Problem requirements ▸ Wherever "Quality" occurs in the entries, copy the line that holds it.

Collected data
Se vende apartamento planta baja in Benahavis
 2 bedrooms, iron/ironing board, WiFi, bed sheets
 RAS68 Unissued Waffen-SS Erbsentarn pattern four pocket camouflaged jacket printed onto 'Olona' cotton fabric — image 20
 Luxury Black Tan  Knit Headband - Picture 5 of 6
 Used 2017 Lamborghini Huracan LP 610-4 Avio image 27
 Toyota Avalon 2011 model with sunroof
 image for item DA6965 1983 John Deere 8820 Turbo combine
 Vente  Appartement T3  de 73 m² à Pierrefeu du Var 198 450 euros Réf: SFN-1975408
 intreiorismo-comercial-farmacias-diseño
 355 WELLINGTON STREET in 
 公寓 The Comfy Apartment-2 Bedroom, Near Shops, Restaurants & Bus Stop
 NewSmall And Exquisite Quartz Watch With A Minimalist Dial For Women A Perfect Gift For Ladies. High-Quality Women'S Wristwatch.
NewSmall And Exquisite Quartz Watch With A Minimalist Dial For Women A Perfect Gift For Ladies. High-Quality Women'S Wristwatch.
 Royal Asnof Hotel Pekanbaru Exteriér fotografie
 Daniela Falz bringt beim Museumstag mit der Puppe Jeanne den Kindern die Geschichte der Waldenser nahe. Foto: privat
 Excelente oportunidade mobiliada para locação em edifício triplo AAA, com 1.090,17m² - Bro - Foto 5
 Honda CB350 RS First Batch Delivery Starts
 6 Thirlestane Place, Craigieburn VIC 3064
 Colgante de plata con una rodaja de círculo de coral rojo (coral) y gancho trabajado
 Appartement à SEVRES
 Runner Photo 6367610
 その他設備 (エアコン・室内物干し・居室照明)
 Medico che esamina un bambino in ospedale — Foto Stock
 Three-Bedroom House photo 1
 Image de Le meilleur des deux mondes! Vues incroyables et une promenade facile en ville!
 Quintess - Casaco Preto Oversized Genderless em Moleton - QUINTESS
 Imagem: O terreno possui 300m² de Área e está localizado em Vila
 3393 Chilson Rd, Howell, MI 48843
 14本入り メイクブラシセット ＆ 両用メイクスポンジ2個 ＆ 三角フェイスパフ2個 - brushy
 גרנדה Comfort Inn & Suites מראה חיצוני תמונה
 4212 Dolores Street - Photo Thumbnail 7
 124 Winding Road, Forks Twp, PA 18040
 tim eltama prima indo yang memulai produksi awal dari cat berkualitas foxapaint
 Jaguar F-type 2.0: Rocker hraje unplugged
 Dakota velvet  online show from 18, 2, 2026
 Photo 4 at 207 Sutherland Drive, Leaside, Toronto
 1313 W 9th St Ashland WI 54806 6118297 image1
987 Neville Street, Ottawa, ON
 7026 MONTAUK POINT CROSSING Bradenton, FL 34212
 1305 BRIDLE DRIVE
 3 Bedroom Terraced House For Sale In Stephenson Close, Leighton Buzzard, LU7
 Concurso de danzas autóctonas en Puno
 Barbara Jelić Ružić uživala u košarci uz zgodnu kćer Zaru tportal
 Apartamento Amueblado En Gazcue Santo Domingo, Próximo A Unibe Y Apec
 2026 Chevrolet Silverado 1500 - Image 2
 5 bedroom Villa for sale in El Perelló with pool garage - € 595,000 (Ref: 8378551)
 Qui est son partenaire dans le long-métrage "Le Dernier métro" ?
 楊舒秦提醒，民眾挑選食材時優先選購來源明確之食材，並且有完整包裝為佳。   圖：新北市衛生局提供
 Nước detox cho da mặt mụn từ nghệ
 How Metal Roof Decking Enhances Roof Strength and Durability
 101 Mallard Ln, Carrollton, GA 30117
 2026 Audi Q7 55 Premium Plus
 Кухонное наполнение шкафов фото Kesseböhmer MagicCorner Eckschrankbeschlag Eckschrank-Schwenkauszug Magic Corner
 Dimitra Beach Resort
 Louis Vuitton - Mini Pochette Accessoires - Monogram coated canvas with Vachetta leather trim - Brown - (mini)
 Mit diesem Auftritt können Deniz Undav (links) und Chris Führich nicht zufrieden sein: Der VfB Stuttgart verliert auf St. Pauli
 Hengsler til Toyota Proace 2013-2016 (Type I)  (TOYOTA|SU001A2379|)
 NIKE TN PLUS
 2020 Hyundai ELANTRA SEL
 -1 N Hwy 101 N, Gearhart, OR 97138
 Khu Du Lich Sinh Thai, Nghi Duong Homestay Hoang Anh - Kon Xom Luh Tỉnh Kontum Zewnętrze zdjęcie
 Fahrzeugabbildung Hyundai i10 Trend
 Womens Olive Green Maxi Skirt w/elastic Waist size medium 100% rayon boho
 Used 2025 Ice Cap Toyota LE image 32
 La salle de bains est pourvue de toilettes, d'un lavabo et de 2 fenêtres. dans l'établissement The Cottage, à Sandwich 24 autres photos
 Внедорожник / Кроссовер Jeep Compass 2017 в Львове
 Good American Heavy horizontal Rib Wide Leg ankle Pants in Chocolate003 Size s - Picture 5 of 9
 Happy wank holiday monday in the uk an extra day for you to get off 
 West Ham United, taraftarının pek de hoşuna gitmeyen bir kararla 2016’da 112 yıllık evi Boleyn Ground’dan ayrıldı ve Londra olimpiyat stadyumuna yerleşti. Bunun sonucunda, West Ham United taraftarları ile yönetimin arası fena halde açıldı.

Reply ▸
 NewSmall And Exquisite Quartz Watch With A Minimalist Dial For Women A Perfect Gift For Ladies. High-Quality Women'S Wristwatch.
NewSmall And Exquisite Quartz Watch With A Minimalist Dial For Women A Perfect Gift For Ladies. High-Quality Women'S Wristwatch.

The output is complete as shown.